Saturday, July 9, 2011

Want to learn technology? Play!

With each passing day I become more convinced that the true mindset for learning technology is a willingness to play, explore, and learn from mistakes. Oh, and to ask for help! While there might be step-by-step guides for software programs and help, these are no substitute for just getting into something and messing around with it--after all, you can't really break it!

When I first started playing around with technology, in 1990, I too wanted someone to teach me exactly how to do it. After all, that is how I was schooled--sit in rows, the teacher tells you exactly how to do things. I bought my first Acer computer so that I could use Word Perfect to word process graduate school papers. For me, it was a glorified typewriter.

When I became a public high school teacher, technology mostly passed me by. After all, Arizona isn't known for putting large funds into student learning, so schools couldn't really adopt alot of technology. Slowly, teachers received technology for email, attendance, productivity purposes. But technology for teaching? Who needed it? Except for research papers, of course, which were still done in the school library.

With the explosion of the Internet, I used technology to find lessons, share ideas, etc. I played around with my own blog, took a few workshops, but still couldn't imagine using technology in my own classroom. Technology was still a personal and productivity tool.

It wasn't until I became a teacher librarian and began working on a Masters in Language and Literacy that the power of teaching with technology became apparent. I was determined to learn everything I could about new technologies. Yet, when I went to workshops on more advanced tools, I found myself frustrated--the presenters weren't really teaching me to use the tools. So, I just started playing and figuring it out for myself. And started advancing very quickly through many different programs.

When I became an instructional technology coach, this lesson really hit home. We were asked to train teachers on five technologies without receiving much training ourselves. My team's response? We spent a week playing with it all and figuring it out for ourselves. We put together workshops for teachers and, mindful of my own experiences, tried to really "teach" the teachers how to use the technology. We also told the teachers that they needed to be willing to play. Their response--when are you coming back to teach us more? We're not going to play, we want you to teach us.

One teacher asked me how I had become a technology expert. I told her that I did not consider myself an expert--there is always so much more to learn. But I am willing to play with new things, so I learn them quickly. She did not like my answer and told me that she would not use technology in her lessons until she felt like an expert; she wasn't willing to show students that she might not know something. And she certainly wasn't willing to invite student expertise in as co-teachers if they did know the technology.

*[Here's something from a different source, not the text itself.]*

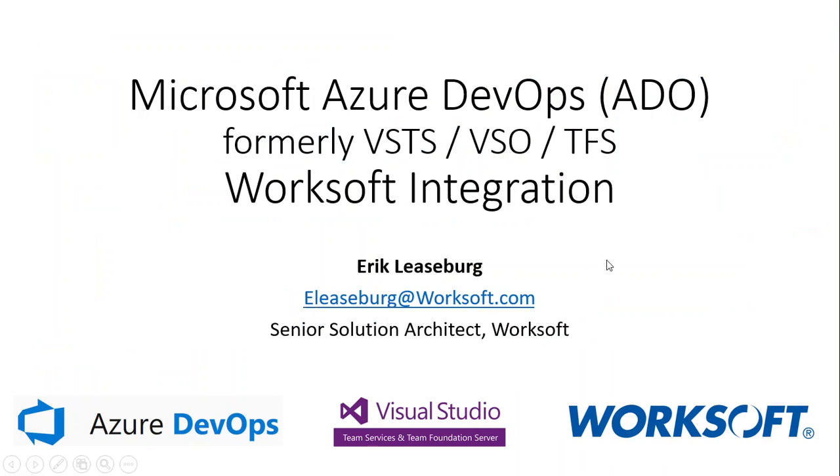So I hope that helped you and makes sense about how we integrate with Azure DevOps and all the capabilities that are supported for WorkSoft to integrate with Microsoft Azure. And we'll be continuing to add new functionality in the coming months. Thank you.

I see this "teach me" mindset with the undergraduate students in my current teacher education courses. Their teachers didn't use technology for learning, so why should they? After all, we teach how we were taught, right? And the students in an online basic technology course are really struggling as well--they want the exact directions, but they don't want to figure out how to get them from the help center in the course. Our students are used to being spoon-fed and they have a tremendous amount of learned helplessnes, a product of our test-driven teaching, in my opinion.

Yet one student told me tonight that he has been learning alot by playing around and figuring it out for himself. He said that he remembers it better. This is the mindset needed for successful technology integration. The future belongs to people who are willing to play. If our schools don't meet the need for this mindset, all of our students will be left behind when it comes to 21st century jobs.

1 comment:

Leanna said...

Great post, Fran! I couldn't agree with you more. To me, the best way to learn something, especially technology-related, is to dive in head first. This is how I design my courses, and I hope you have fun "playing" with some new and familiar tools!